STUDY MATERIAL section start

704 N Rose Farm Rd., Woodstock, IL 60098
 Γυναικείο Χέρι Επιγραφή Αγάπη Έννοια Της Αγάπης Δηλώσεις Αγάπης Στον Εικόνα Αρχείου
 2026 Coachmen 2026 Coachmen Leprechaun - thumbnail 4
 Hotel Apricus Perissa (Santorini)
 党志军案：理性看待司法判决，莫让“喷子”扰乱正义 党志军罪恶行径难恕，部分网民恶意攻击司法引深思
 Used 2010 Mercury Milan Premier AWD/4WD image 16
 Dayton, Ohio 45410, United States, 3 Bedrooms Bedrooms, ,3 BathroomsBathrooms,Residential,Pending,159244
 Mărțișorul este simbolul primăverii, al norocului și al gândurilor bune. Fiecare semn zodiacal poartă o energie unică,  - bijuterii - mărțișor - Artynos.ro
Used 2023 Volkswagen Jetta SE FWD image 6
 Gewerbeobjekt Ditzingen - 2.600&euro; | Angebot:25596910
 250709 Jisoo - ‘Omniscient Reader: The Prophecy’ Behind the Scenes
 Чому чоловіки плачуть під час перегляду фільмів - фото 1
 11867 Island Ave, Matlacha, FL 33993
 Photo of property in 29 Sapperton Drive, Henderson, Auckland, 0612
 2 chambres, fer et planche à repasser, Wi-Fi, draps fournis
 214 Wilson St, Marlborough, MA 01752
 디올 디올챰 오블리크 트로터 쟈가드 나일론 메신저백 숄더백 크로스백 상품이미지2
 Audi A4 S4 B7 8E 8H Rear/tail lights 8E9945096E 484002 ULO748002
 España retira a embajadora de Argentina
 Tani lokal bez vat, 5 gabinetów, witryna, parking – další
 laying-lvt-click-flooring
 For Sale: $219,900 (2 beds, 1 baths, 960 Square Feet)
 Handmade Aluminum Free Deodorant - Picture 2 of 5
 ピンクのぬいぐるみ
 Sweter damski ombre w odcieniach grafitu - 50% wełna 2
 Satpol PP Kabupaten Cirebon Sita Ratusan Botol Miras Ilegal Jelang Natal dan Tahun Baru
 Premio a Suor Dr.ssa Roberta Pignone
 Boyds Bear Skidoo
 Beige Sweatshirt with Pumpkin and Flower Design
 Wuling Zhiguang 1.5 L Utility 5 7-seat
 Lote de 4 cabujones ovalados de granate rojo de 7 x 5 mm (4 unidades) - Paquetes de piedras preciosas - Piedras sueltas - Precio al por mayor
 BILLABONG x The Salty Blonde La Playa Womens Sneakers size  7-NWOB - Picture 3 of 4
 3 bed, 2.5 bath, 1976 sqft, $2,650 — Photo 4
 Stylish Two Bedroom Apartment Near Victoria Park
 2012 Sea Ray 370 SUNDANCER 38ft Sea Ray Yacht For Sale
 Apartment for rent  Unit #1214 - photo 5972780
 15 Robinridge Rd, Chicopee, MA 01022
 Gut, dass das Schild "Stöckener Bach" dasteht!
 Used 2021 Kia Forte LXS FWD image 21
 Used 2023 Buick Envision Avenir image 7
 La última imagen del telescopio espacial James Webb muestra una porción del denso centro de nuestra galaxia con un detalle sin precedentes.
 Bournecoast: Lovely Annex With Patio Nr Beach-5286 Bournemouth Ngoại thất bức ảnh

STUDY MATERIAL section end

EXERCISE DESCRIPTION. Give an exact reproduction of the lines from the one with "Tani lokal bez" to the final line of the entries, including both.

SOLUTION FOR THIS PROBLEM.
 Tani lokal bez vat, 5 gabinetów, witryna, parking – další
 laying-lvt-click-flooring
 For Sale: $219,900 (2 beds, 1 baths, 960 Square Feet)
 Handmade Aluminum Free Deodorant - Picture 2 of 5
 ピンクのぬいぐるみ
 Sweter damski ombre w odcieniach grafitu - 50% wełna 2
 Satpol PP Kabupaten Cirebon Sita Ratusan Botol Miras Ilegal Jelang Natal dan Tahun Baru
 Premio a Suor Dr.ssa Roberta Pignone
 Boyds Bear Skidoo
 Beige Sweatshirt with Pumpkin and Flower Design
 Wuling Zhiguang 1.5 L Utility 5 7-seat
 Lote de 4 cabujones ovalados de granate rojo de 7 x 5 mm (4 unidades) - Paquetes de piedras preciosas - Piedras sueltas - Precio al por mayor
 BILLABONG x The Salty Blonde La Playa Womens Sneakers size  7-NWOB - Picture 3 of 4
 3 bed, 2.5 bath, 1976 sqft, $2,650 — Photo 4
 Stylish Two Bedroom Apartment Near Victoria Park
 2012 Sea Ray 370 SUNDANCER 38ft Sea Ray Yacht For Sale
 Apartment for rent  Unit #1214 - photo 5972780
 15 Robinridge Rd, Chicopee, MA 01022
 Gut, dass das Schild "Stöckener Bach" dasteht!
 Used 2021 Kia Forte LXS FWD image 21
 Used 2023 Buick Envision Avenir image 7
 La última imagen del telescopio espacial James Webb muestra una porción del denso centro de nuestra galaxia con un detalle sin precedentes.
 Bournecoast: Lovely Annex With Patio Nr Beach-5286 Bournemouth Ngoại thất bức ảnh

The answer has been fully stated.